There are two kinds of people: those who have learned - usually the hard way - the importance of (tested) backups and those who have yet to learn it


----------



## mav@ (Jul 15, 2013)

It depends on what kind of specific KPI change. Maybe the kernel module just won't load, if some function names changed, etc. May be it will not work as expected, if function arguments or structure sizes changed. And yes, valuable data must be backed up in any case.


----------



## SirDice (Jul 16, 2013)

They also seem to have a driver for 8.2. That may work on 8.4. Although I have no idea why it's called "Miracle Linux FreeBSD 8.2 driver".

http://www.promise.com/support/download.aspx?m=205&region=en-US&rsn1=19


----------



## wblock@ (Jul 16, 2013)

Why not just ask the vendor?


----------



## Devicifer (Jul 16, 2013)

You just saved me a lot of trouble @SirDice! Thank you! I hadn't thought that the Promise website would have an out of date downloads page that isn't updated anymore. The link you provided is new to me and pretty much solves my problem. Thanks again!


----------



## Terry_Kennedy (Jul 16, 2013)

mav@ said:
			
		

> In general case binary compatibility between major releases like 7.x and 8.x/9.x is not guaranteed. How big real chances are there depends on which KPIs the driver uses and whether they have changed. If driver requirements are really minimal, there are chances, otherwise...
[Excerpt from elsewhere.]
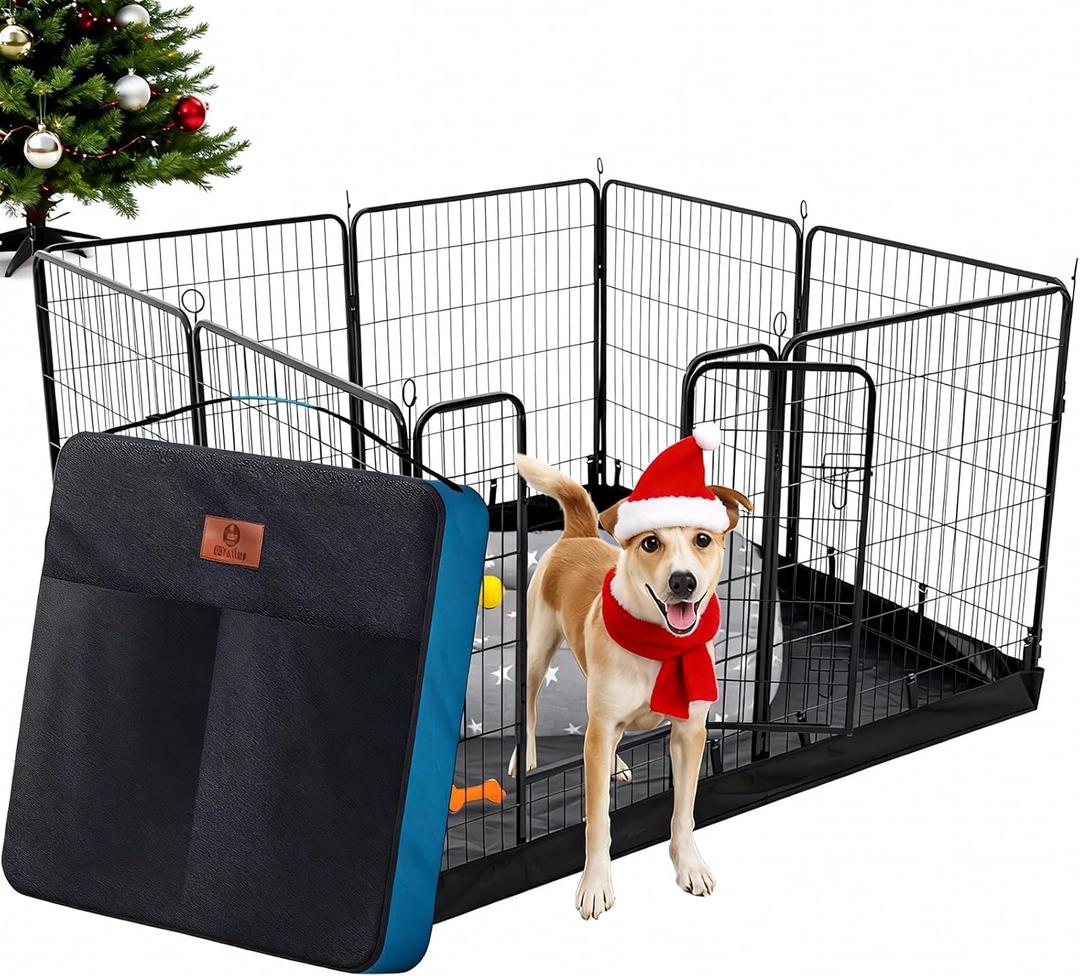 PJYuCien Dog Playpen Plus Storage Bag, 31.3" H 8 Panels Puppy Pen with Square Bottom, Heavy Duty Dog Fence for Puppies/Small Dogs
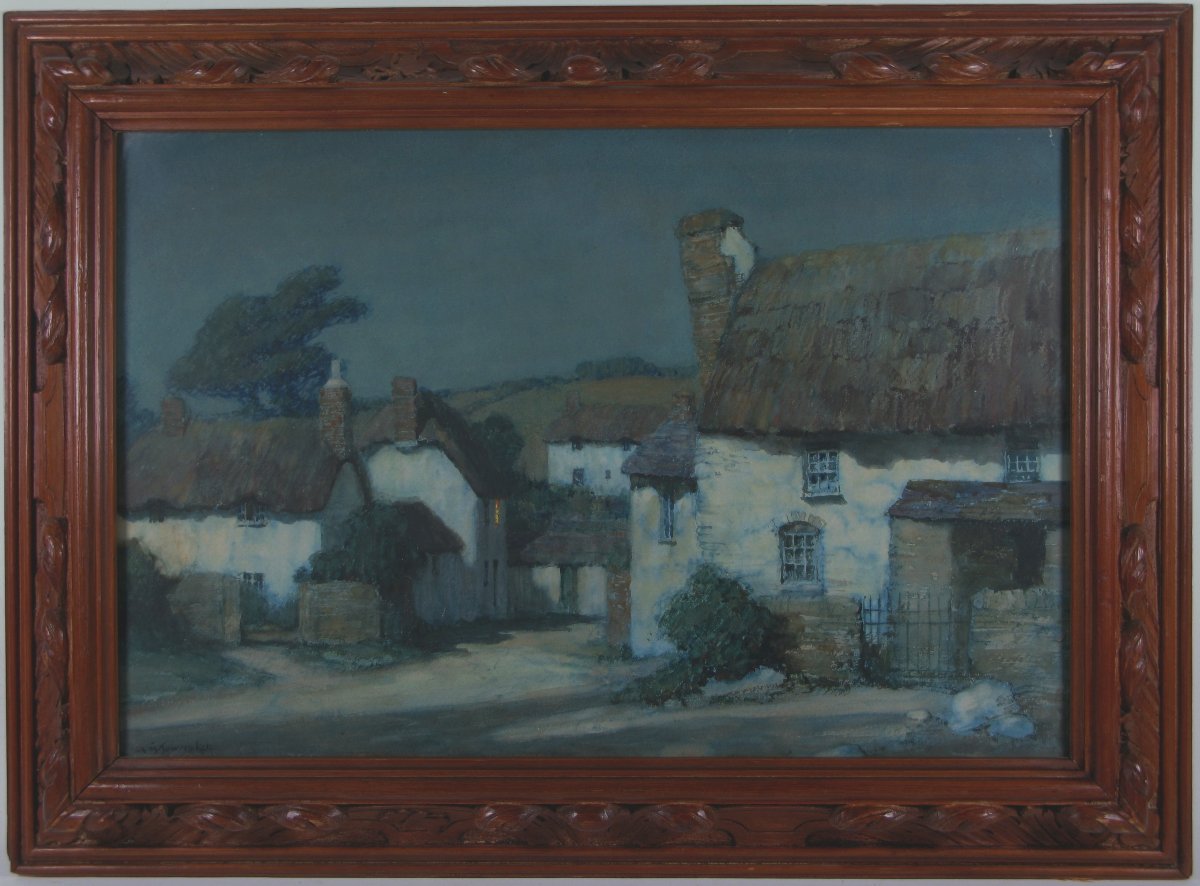 Albert Moulton Foweraker (british 1873-1942) Moonlit Cottages Watercolor-photo-2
If the driver is provide_d_ in source form, you can also try rebuilding it, either as a standalone module or hooked into the normal kernel build process. I've done this with a network card driver listed as "FreeBSD 7.2 or newer".

On the other hand, we should encourage hardware manufacturers to offer up-to-date support for FreeBSD, either as a vendor-supplied driver or by contributing updates to the FreeBSD source tree. Making sure they know we're buying their product because of their FreeBSD support. LSI Logic and Intel are some examples of hardware vendors who provide excellent FreeBSD support.


----------



## Devicifer (Jul 16, 2013)

Indeed. I was actually a Windows guy back when I bought the card. It worked fine on Windows and still does. I'm moving away from Windows, however. I could never get the experience that I wanted on the desktop, with open source, and Mac wasn't an option because of software limitations and my perception of it. But then I tried a Mac and now I'm ditching my Windows boxes and trying to get a FreeBSD based OS up and running on the server.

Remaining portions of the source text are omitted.